---------- Given data ----------
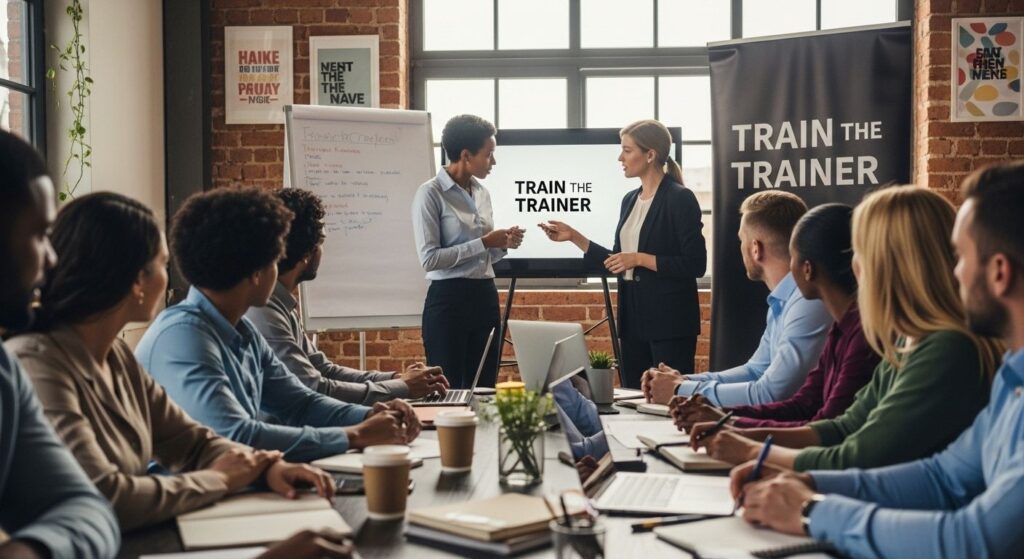 train the trainer professional workshop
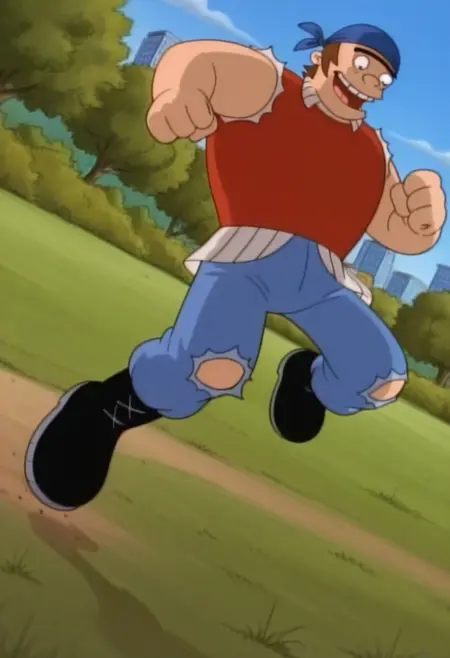 TORVALD (HEY ARNOLD)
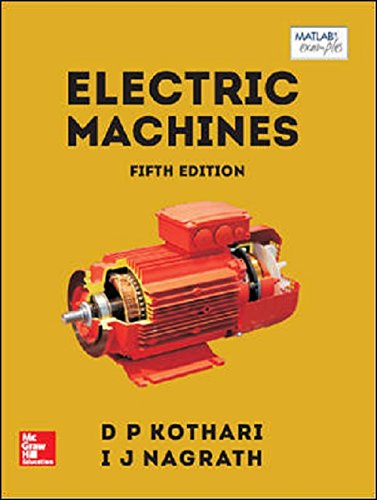 Stock image for Electric Machines 5Ed for sale by Books in my Basket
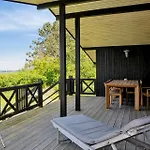 Сasa de vacaciones With Panoramic Ocean View Near Kerteminde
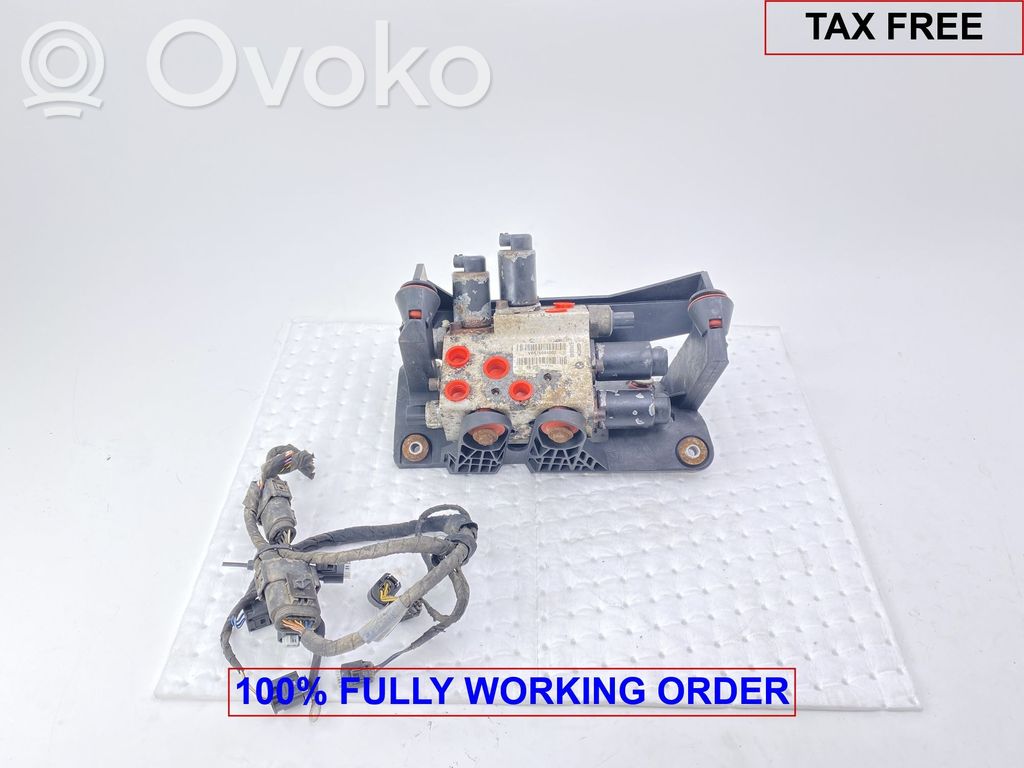 BMW 5 E60 E61 Aktyvaus stabilizatoriaus valdymo/ vožtuvų blokas 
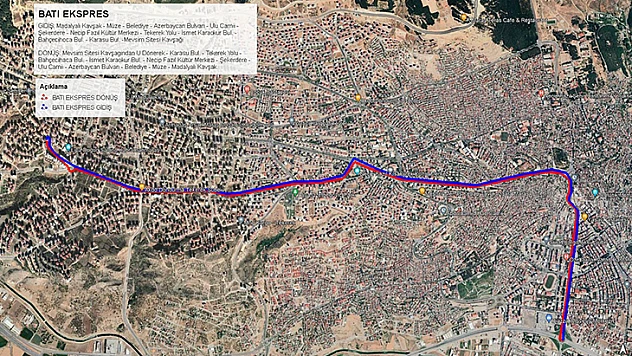 Kahramanmaraş'a iki yeni ekspres hat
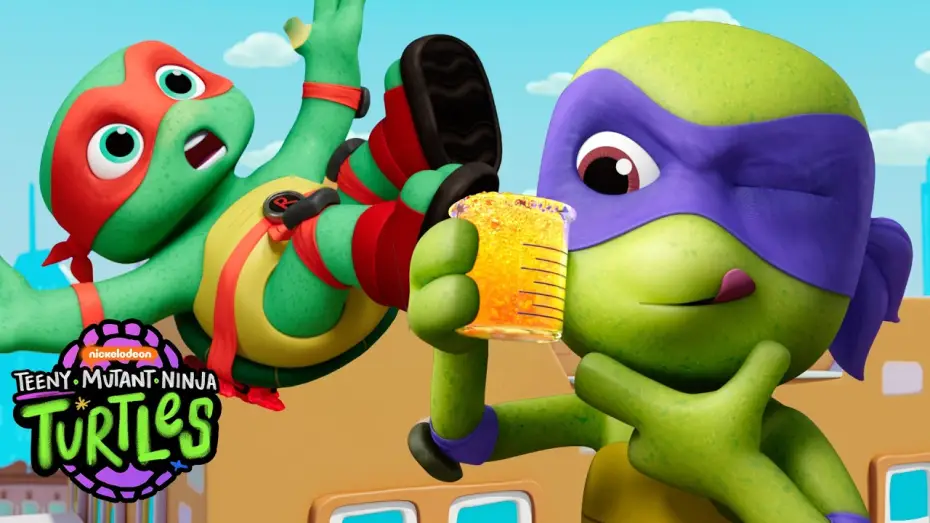 Видео к сериалу Teeny Mutant Ninja Turtles — TEENY MUTANT NINJA TURTLES | Episode 6: Burp City 😮‍💨 | Full Episode
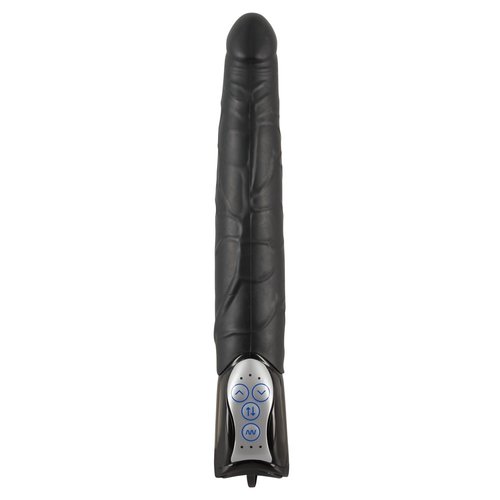 Black Push Realistisch Stotende Vibrator You2Toys Black Push Realistisch Stotende Vibrator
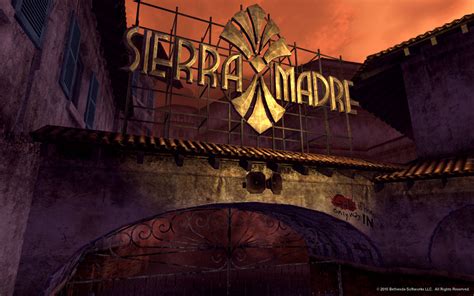 sierra madre casino|fallout nv sierra madre.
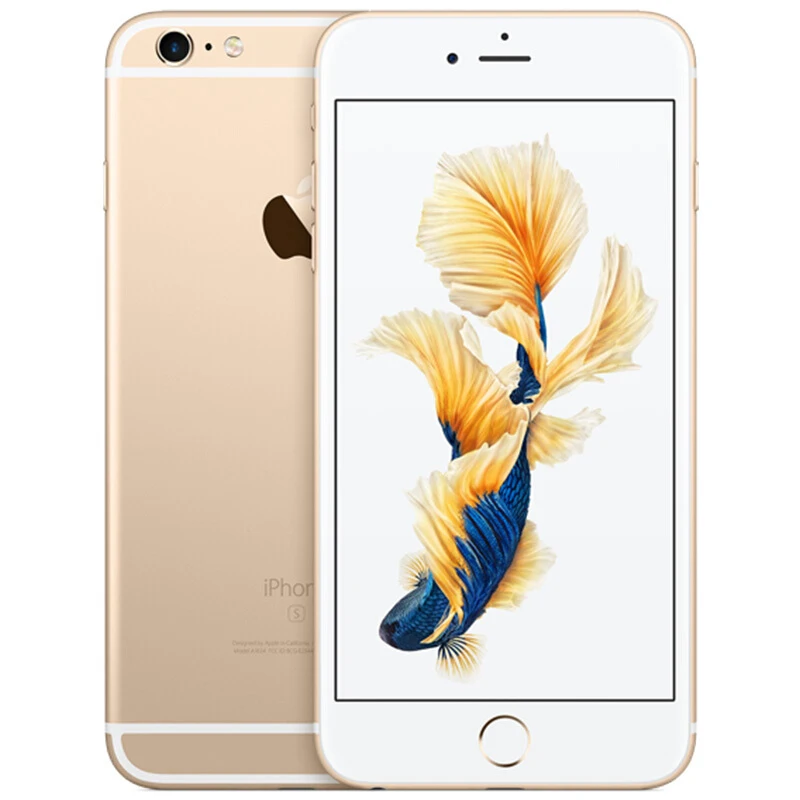 الهاتف الذكي الأصلي الذي تم تجديده من هاتف أبل أيفون 6S بلس 5,5 بوصة IOS ثنائي النواة A9 128 ГБ Встроенная память 2 Гб Оперативная память 12.0MPtel éfonoMóvil4G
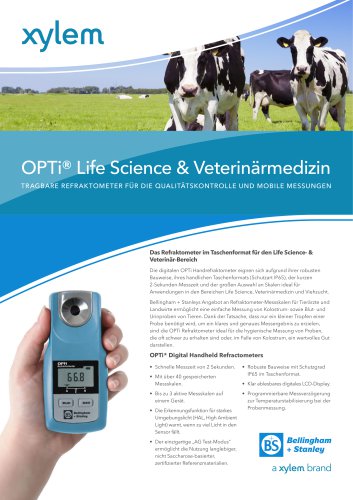 OPTi® Life Science & Veterinärmedizin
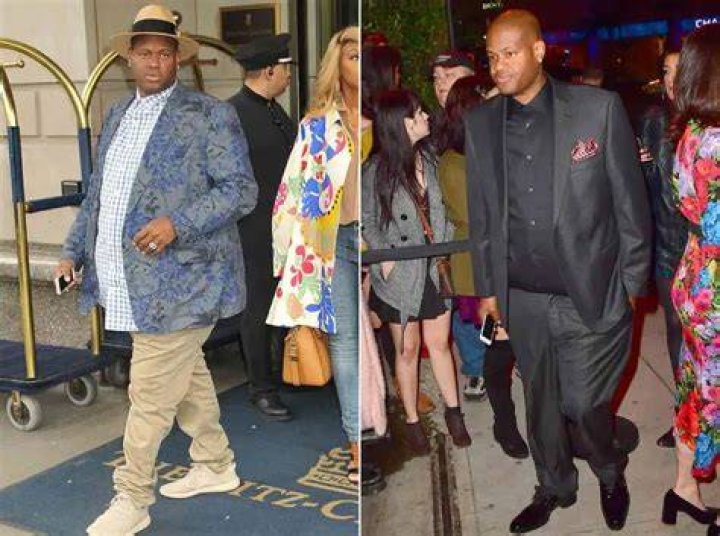 Vincent Herbert and His New Wife at a Music Event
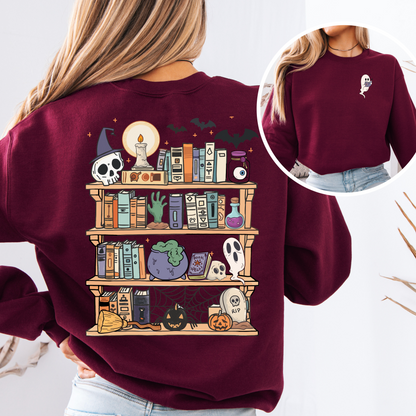 Spooky Reads Crewneck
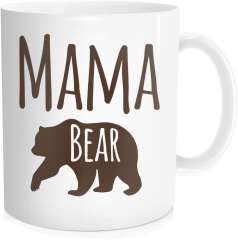 MAMA bear Mother's Day gift ceramic mug
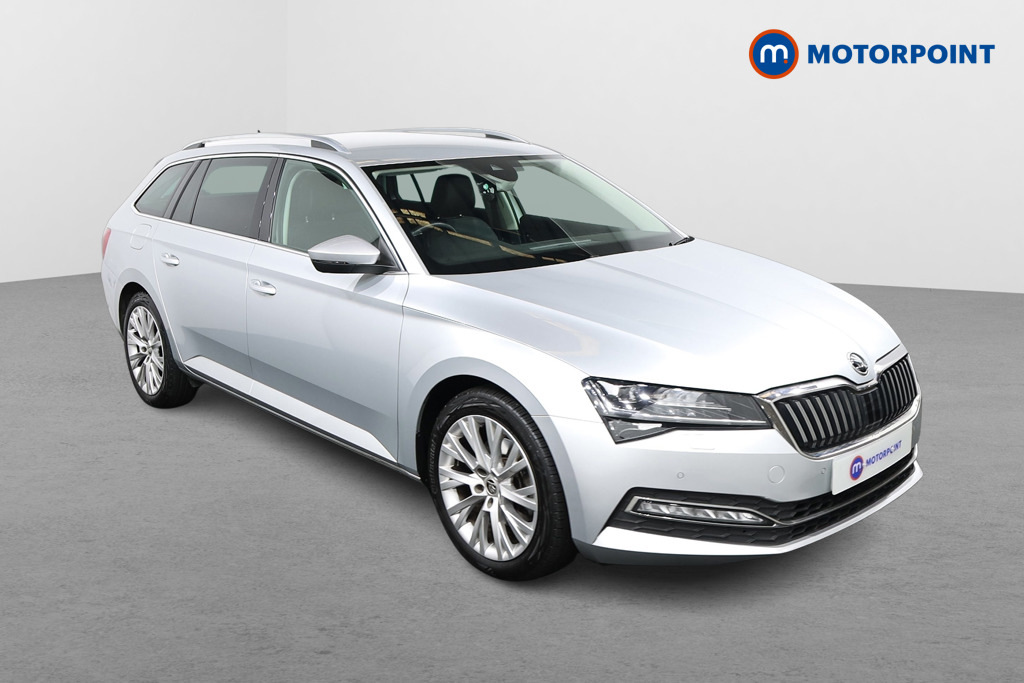 Skoda Superb 2.0 Tdi Cr Se L Dsg Silver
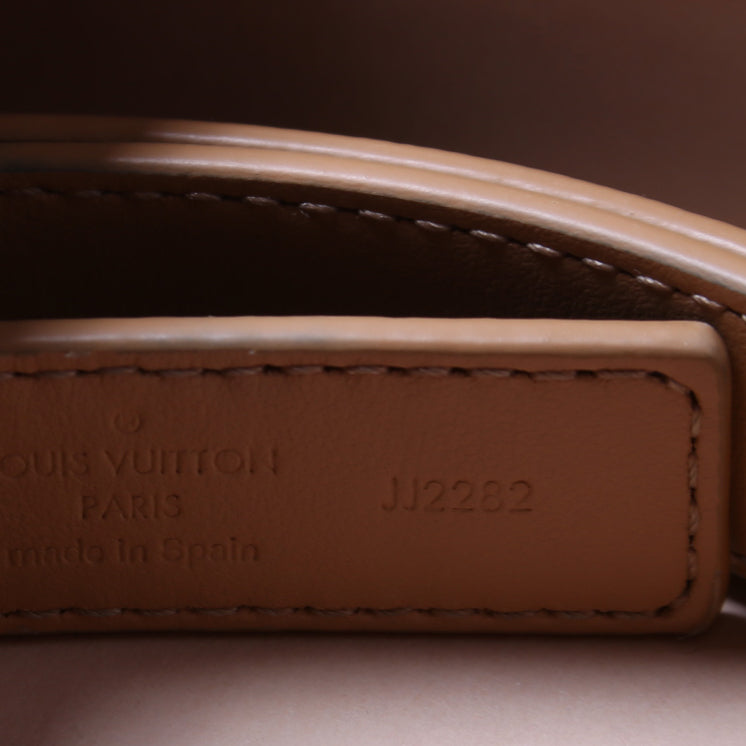 Louis Vuitton Monogram LV Iconic 20mm Reversible Belt 2023 Ss, Beige, 85cm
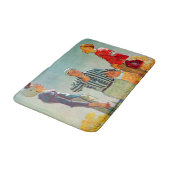 コイントスバイノーマンロックウェル バスマット (アングル)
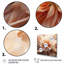 Art liquide liquide délicat blanc et rose clair I-662224932-720111473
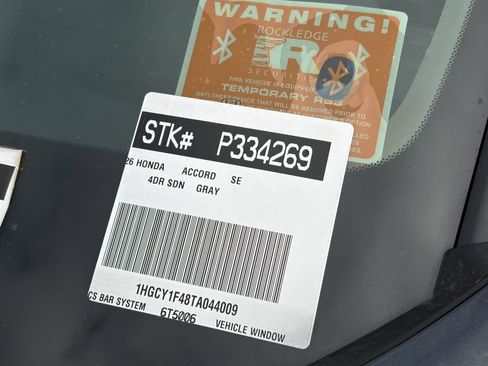 Used 2026 Honda Accord SE image 14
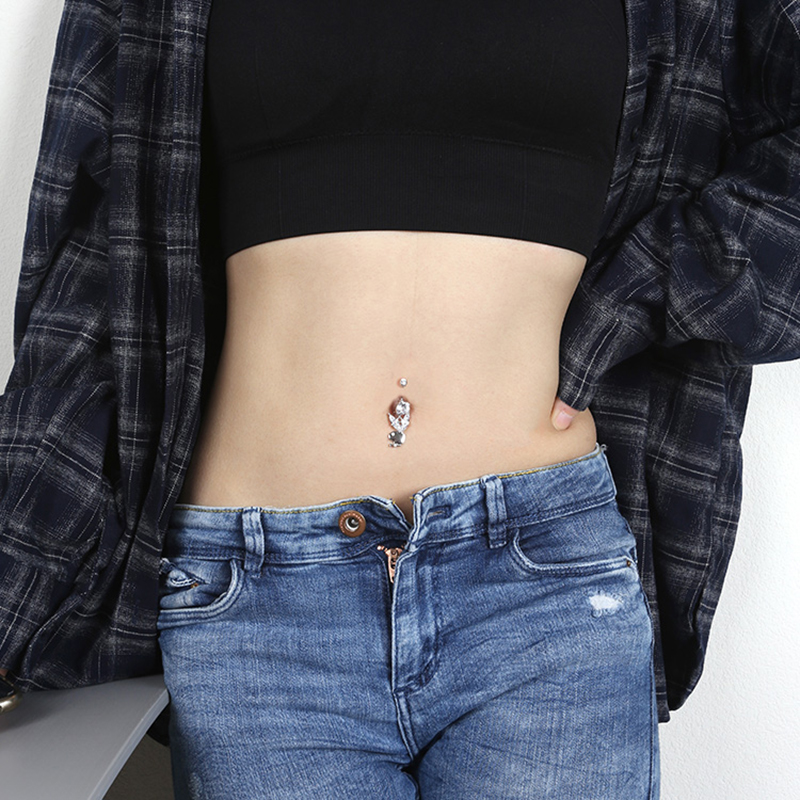 Hypoallergenic 925 Sterling Si - مراجعة Body Jewelry Hypoallergenic وسعره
----------
__What you are asked to do__. Make an exact copy of the data above, pictures excluded.

__Written solution__.
 train the trainer professional workshop
 TORVALD (HEY ARNOLD)
 Stock image for Electric Machines 5Ed for sale by Books in my Basket
 Сasa de vacaciones With Panoramic Ocean View Near Kerteminde
 BMW 5 E60 E61 Aktyvaus stabilizatoriaus valdymo/ vožtuvų blokas 
 Kahramanmaraş'a iki yeni ekspres hat
 Видео к сериалу Teeny Mutant Ninja Turtles — TEENY MUTANT NINJA TURTLES | Episode 6: Burp City 😮‍💨 | Full Episode
 Black Push Realistisch Stotende Vibrator You2Toys Black Push Realistisch Stotende Vibrator
 sierra madre casino|fallout nv sierra madre.
 الهاتف الذكي الأصلي الذي تم تجديده من هاتف أبل أيفون 6S بلس 5,5 بوصة IOS ثنائي النواة A9 128 ГБ Встроенная память 2 Гб Оперативная память 12.0MPtel éfonoMóvil4G
 OPTi® Life Science & Veterinärmedizin
 Vincent Herbert and His New Wife at a Music Event
 Spooky Reads Crewneck
 MAMA bear Mother's Day gift ceramic mug
 Skoda Superb 2.0 Tdi Cr Se L Dsg Silver
 Louis Vuitton Monogram LV Iconic 20mm Reversible Belt 2023 Ss, Beige, 85cm
 コイントスバイノーマンロックウェル バスマット (アングル)
 Art liquide liquide délicat blanc et rose clair I-662224932-720111473
 Used 2026 Honda Accord SE image 14
 Hypoallergenic 925 Sterling Si - مراجعة Body Jewelry Hypoallergenic وسعره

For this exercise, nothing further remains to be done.